■ Your goal ■
Beginning with the line that contains "可定制仿真木纹假窗户装饰画欧式田园山水风景客厅空间延伸感挂画", restate each line below through the final one exactly, and exclude the pictures.

[Records from a data source]
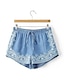 זול מכנסיים לנשים-מכנסיים שורטים ג&#039;ינסים קשיחות ישר גיזרה בינונית (אמצע) דפוס נשים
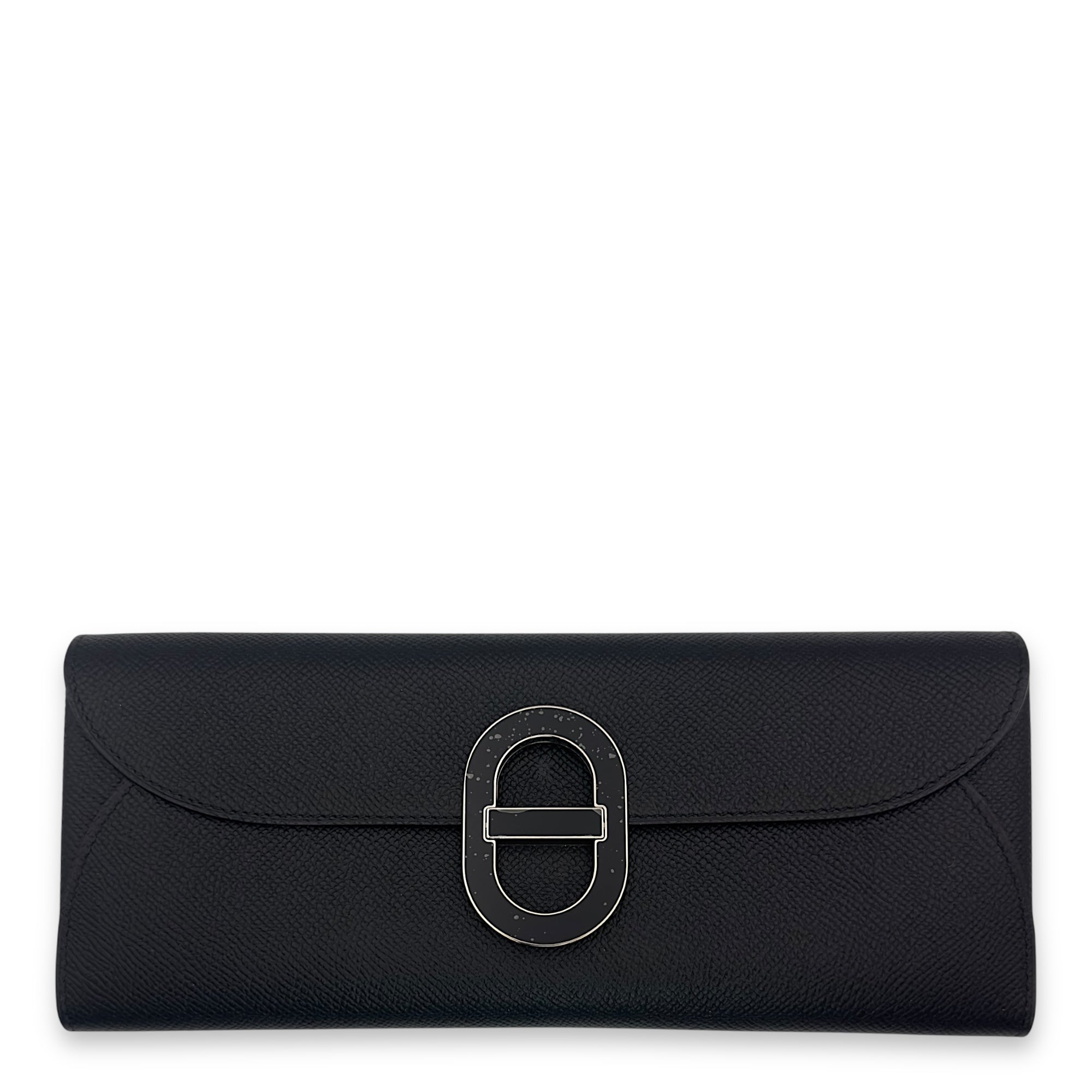 Maillon To Go Black Crossbody Bag in Epsom, Black Enamel hardware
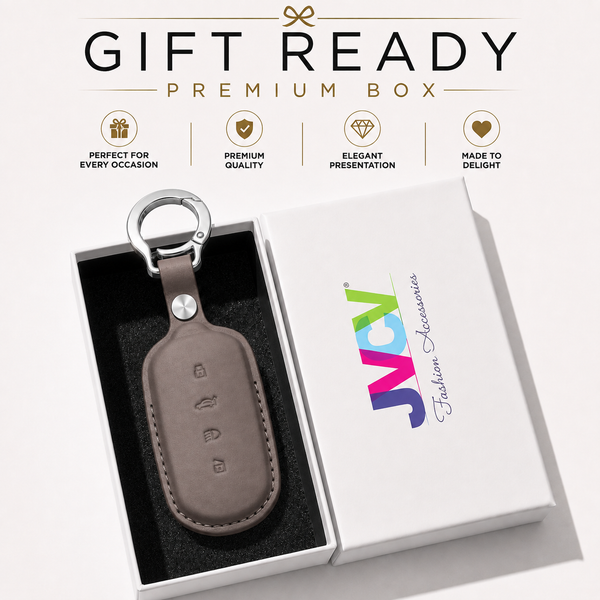 JVCV® Premium Leather Key Cover Compatible with Tata Sierra, Safari Petrol, Harrier Petrol, Curvv & Curvv EV Smart Key | Luxury Car Key Case | 360° Scratch & Drop Protection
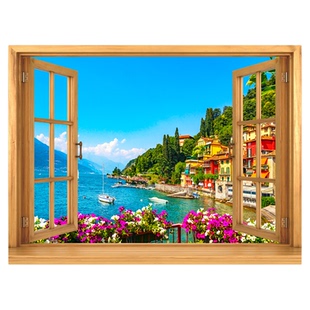 可定制仿真木纹假窗户装饰画欧式田园山水风景客厅空间延伸感挂画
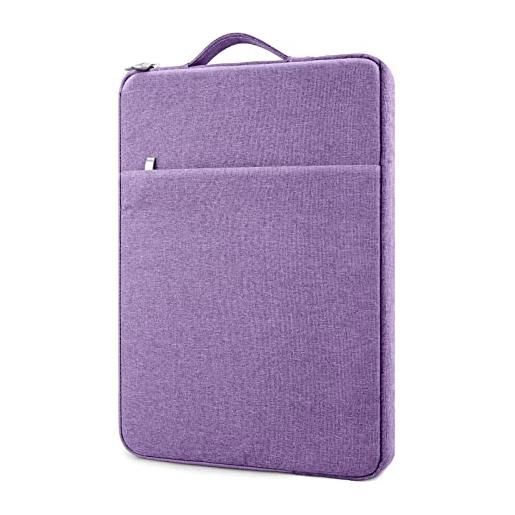 MicaYoung custodia protettiva per laptop pc 15,6 pollici impermeabile e antiurto borsetta con due scomparti e maniglia retrattile, compatibile con 15,6 chromebook notebook, viola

■ Solution to the exercise ■
 可定制仿真木纹假窗户装饰画欧式田园山水风景客厅空间延伸感挂画
 MicaYoung custodia protettiva per laptop pc 15,6 pollici impermeabile e antiurto borsetta con due scomparti e maniglia retrattile, compatibile con 15,6 chromebook notebook, viola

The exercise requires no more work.